Tải xuống ứng dụng
35% BERSEMAYAM DALAM DOA / Chapter 7: Pernyataan, Jawaban

Chương 7: Pernyataan, Jawaban

Tuk...tuk...tuk

Hanya suara ujung penaku yang beradu dengan muka meja yang kini terdengar. Pandangan mataku mengitari deretan mahasiswaku yang kini tampak serius dengan kertas ujian. Kuamati mereka satu persatu, tak ada gerakan yang mencurigakan.
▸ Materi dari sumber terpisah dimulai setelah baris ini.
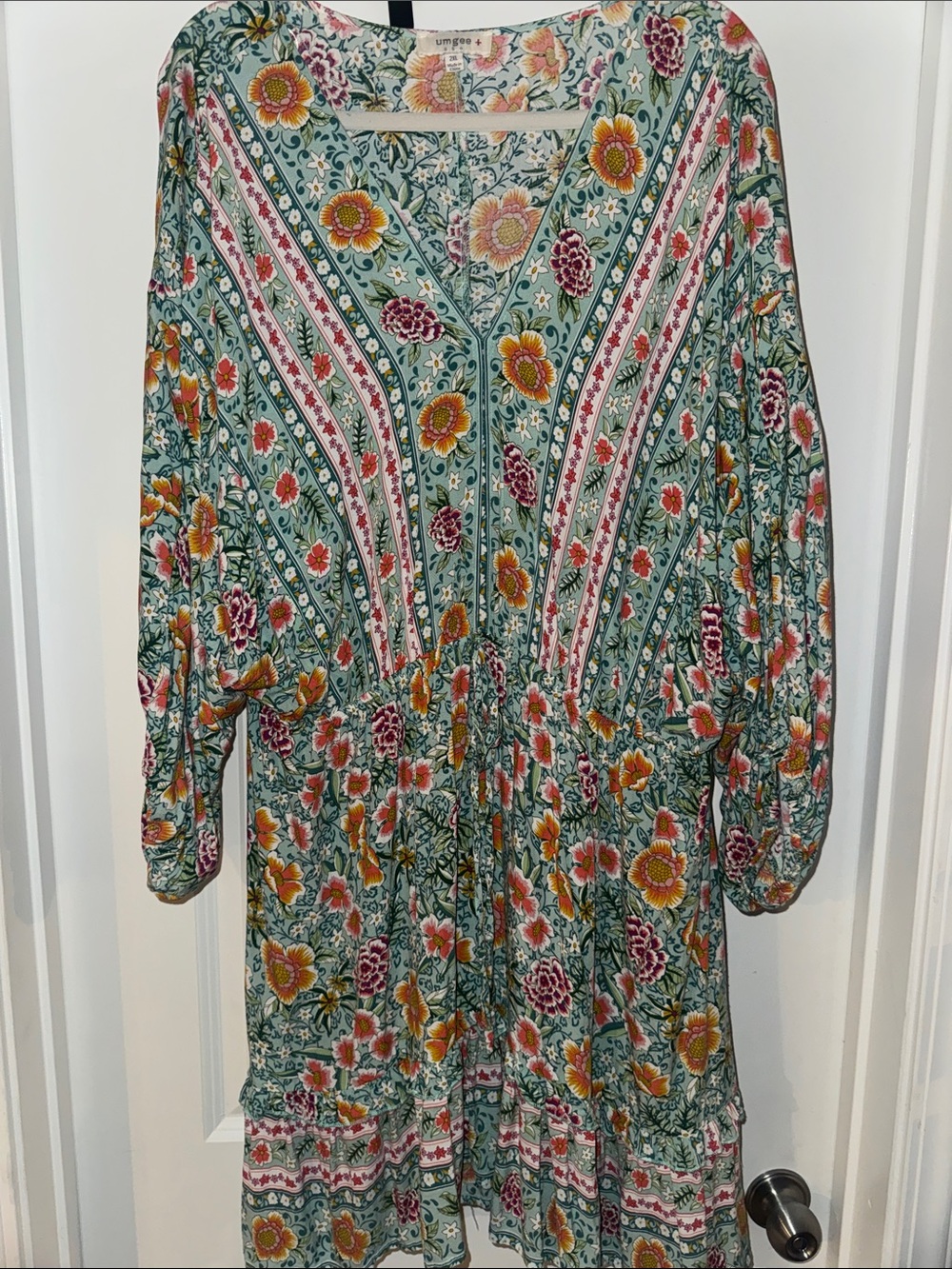 Umgee Floral Boho Dress in Teal Multi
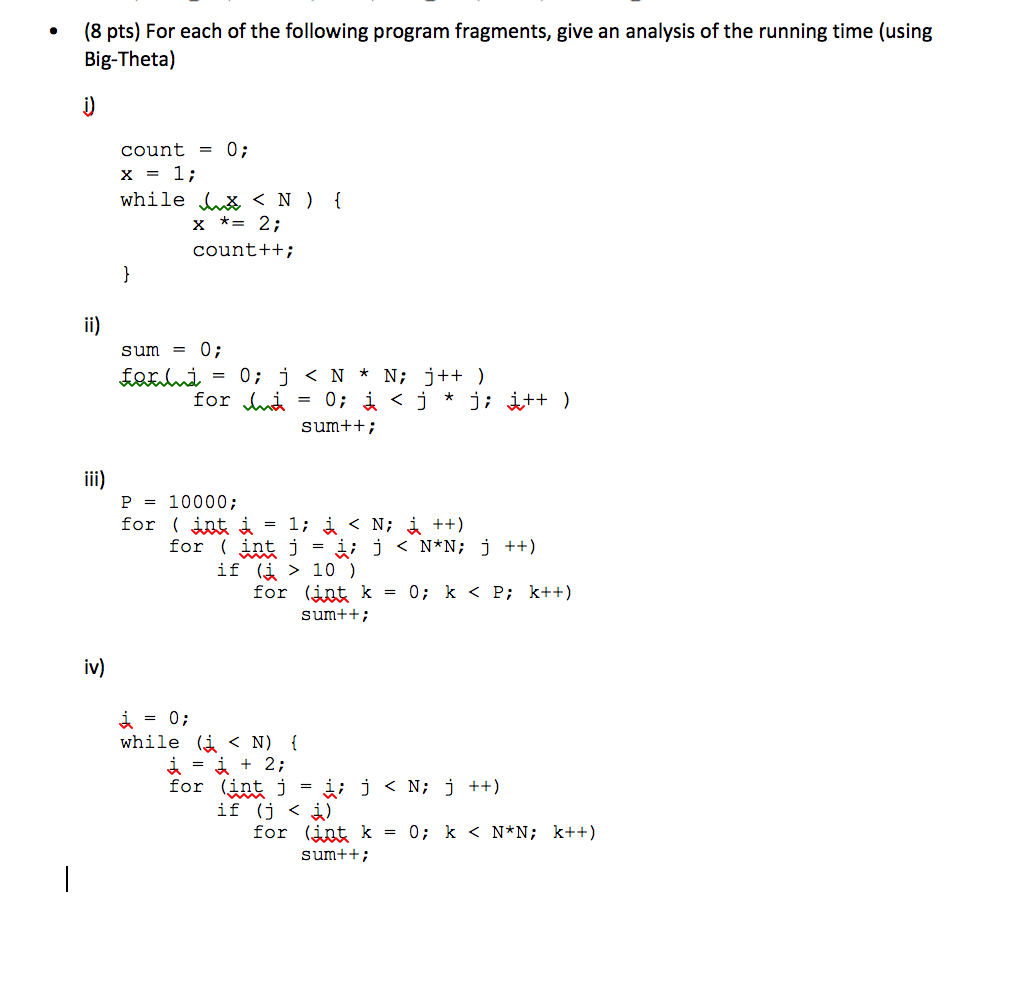 Solved 8 Pts For Each Of The Following Program Fragment Chegg Com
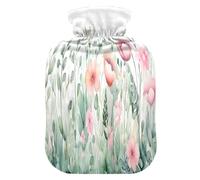 JUMBEAR Botellas de agua caliente de flores silvestres con cubierta suave, bolsa de agua caliente para aliviar el dolor de 1 litro para manos y pies, bolsas de agua caliente para dormir cómodamente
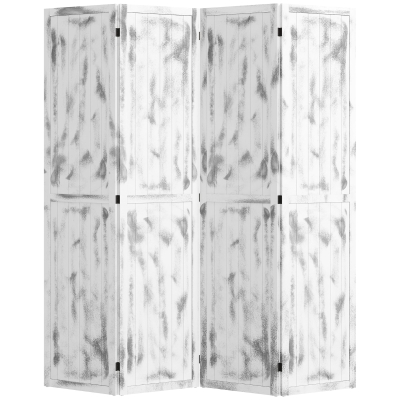 HOMCOM Biombo Divisor Separador de Ambientes de 4 Paneles Plegables de Madera de Paulonia 160,5x170 cm Blanco Rústico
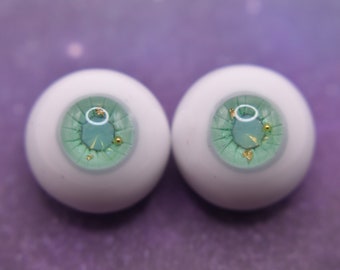 Resin BJD Ball Jointed Doll Eyes - "Green Opal" - 14/7mm 12/6mm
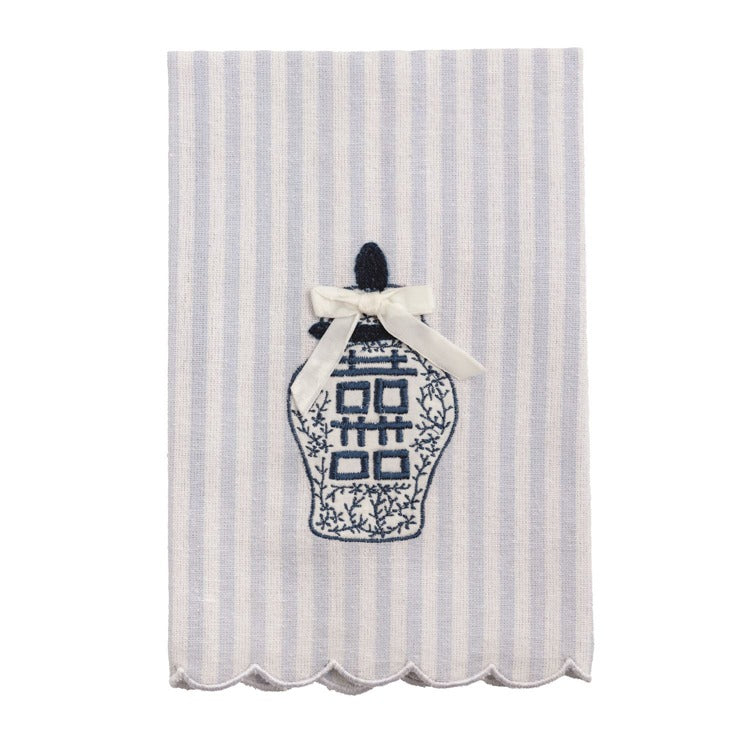 MUD PIE Ginger Jar Topiary Embroidered Towels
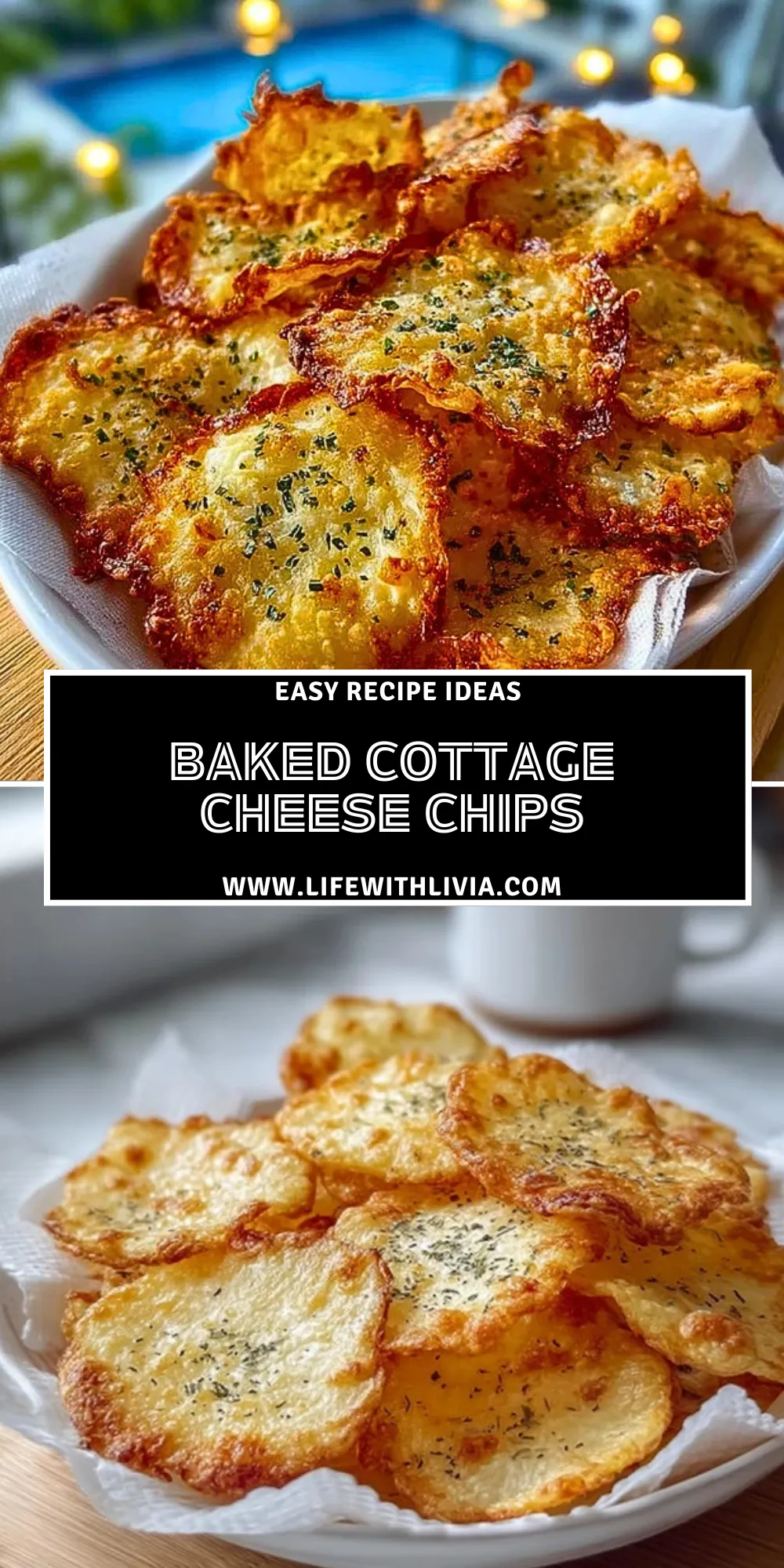 Baked Cottage Cheese Chips- Pin 1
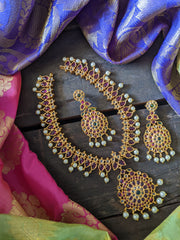 Premium AD stone Pendant Neckpiece -Red -G948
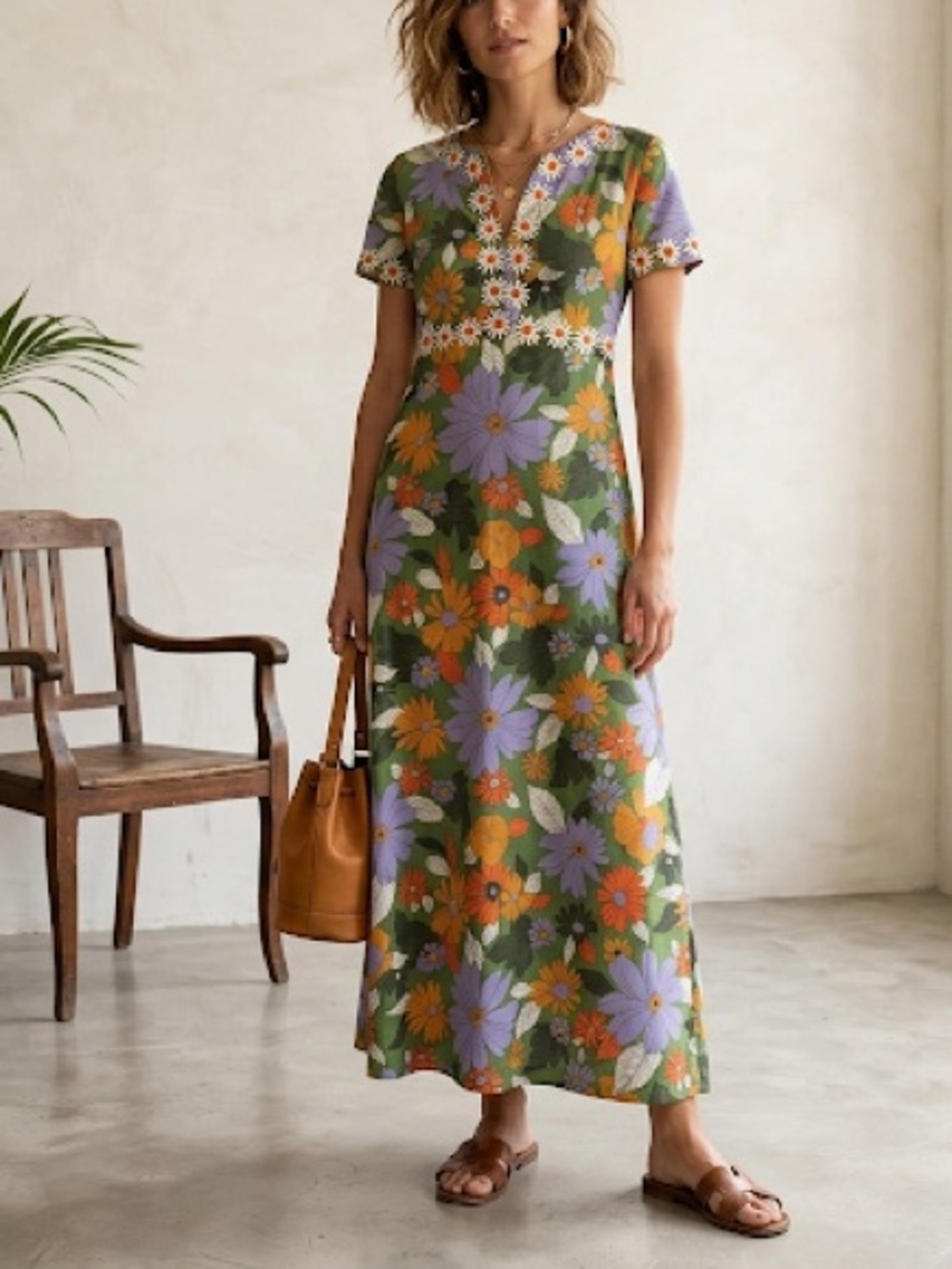 RARE Vintage Womens 1970s Handmade Floral Maxi Dress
Hanya beberapa mahasiswa deretan belakang yang kasak-kusuk saling toleh.

Abaikan

Suasana tenang pikiranku pun melayang melintasi waktu kembali ke beberapa hari yang lalu.

"mas benaran panik Mir sampai lupa sama handphone" aku diam saja, mas Fandy mendial satu nomor.

"ah ya dek, dirumah sakit,,,, ya,,,ya,,, tolong kemari ya, kasian Nailah dan Nizam...iya,,,disini, cepat ya dek"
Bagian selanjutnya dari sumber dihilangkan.